Regulating the Land that Moore’s Law Forgot


In the days of yore, when mainframes ruled the Earth And so we come full circle: “IBM accused of abusing position in European mainframe market”.

Out of the limelight, IBM has spent significant time and money lobbying various governments to hobble competitors in the last fifteen years, all the while maintaining the biggest monopoly in technology with the mainframe.  Now the antitrust spotlight returns to them, amid accusations that IBM is doing exactly what got them into trouble decades ago (refusing to unbundle their software from their hardware).

IBM is very good at milking the mainframe installed base and defend it aggressively.  And for good reason: I have seen numbers that suggest the mainframe is still close to half of IBM’s profits when you include hardware, software and surrounding (people) services.  Forced forklift upgrades every couple of years are a favored strategy.

They’re also always on the lookout for ways to get new workloads onto the mainframe.  Nary a new buzzword appears without some cockamamie story about how the mainframe is the right place for the latest trend, though they never quite pan out. 

While supporting a legacy installed base is both necessary and even noble, the biggest problem is the mainframe has truly been the land that Moore’s Law forgot.  The computer industry’s inexorable engine of improvement has been suspended on the mainframe in the absence of competition to pressure IBM to pass the almost unavoidable cost savings onto customers (IBM: feel free to prove me wrong and start publishing industry standard benchmarks, particularly transaction benchmarks).
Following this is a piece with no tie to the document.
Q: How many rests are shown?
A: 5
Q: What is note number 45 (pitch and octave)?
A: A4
But as much as I welcome scrutiny of IBM’s business practices, the whole cycle of antitrust action is depressing, akin to the endless cycle of violence in the Middle East.  Microsoft naively once thought they could just go about their business (as IBM no doubt did as well decades before), but they faced competitors with better lobbying chops than software chops.  So Microsoft spent and spent to build up its own defensive lobbying capacity, yet could not resist using it offensively when the opportunity presented itself.  And so Google, after being jerked around on DoubleClick and their Yahoo search deal, is looking for payback and building a lobbying force that they too will need to keep busy

Perhaps just coincidently, there is new EU action against Microsoft over Internet Explorer.  I suspect Opera is not the only complainant here.  It is amusing to see the EU arguing that ongoing IE’s market share losses are smaller than anyone else reckons (suggestion for Dean and crew: let the EU provide your scorecard metrics for the next review period).
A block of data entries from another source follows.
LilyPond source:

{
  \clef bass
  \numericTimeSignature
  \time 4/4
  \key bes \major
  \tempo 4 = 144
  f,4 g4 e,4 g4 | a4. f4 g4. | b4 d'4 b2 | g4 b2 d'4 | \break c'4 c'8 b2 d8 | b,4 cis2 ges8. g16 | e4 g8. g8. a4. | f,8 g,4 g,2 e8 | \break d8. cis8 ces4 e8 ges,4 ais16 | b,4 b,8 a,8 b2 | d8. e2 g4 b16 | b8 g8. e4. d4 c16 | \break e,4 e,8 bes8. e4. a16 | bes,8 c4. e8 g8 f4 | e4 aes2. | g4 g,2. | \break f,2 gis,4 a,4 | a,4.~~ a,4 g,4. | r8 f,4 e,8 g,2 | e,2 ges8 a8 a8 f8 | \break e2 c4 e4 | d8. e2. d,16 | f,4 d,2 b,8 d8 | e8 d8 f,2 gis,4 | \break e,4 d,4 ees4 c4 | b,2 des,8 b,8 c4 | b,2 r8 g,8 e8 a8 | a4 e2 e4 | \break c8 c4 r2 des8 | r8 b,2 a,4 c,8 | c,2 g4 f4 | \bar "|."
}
But pesky facts don’t matter so much in this case.  The EU is the most depressing aspect of the generally depressing antitrust topic.  While US antitrust policy is about protecting the consumer, the EU policy protects competitors, which of course makes them the first stop for any competitor looking for a leg up.

I suspect this latest action is the EU’s opening salvo for negotiations around Windows 7.  It has become a tradition for regulators to hold new versions of Windows hostage to their software design ambitions.

To return to our original topic, the obvious solution is IBM should just open source its mainframe software.  The bundling complaint goes away.  Mainframe software and competition probably improve.  IBM demonstrates their open source commitment extends to their own businesses and not just other people’s businesses.  And the EU regulators are happy and can focus all their attention on Windows 7 (as a counter, Microsoft should fess up and let the world know that Vista was actually designed by EU bureaucrats in Brussels).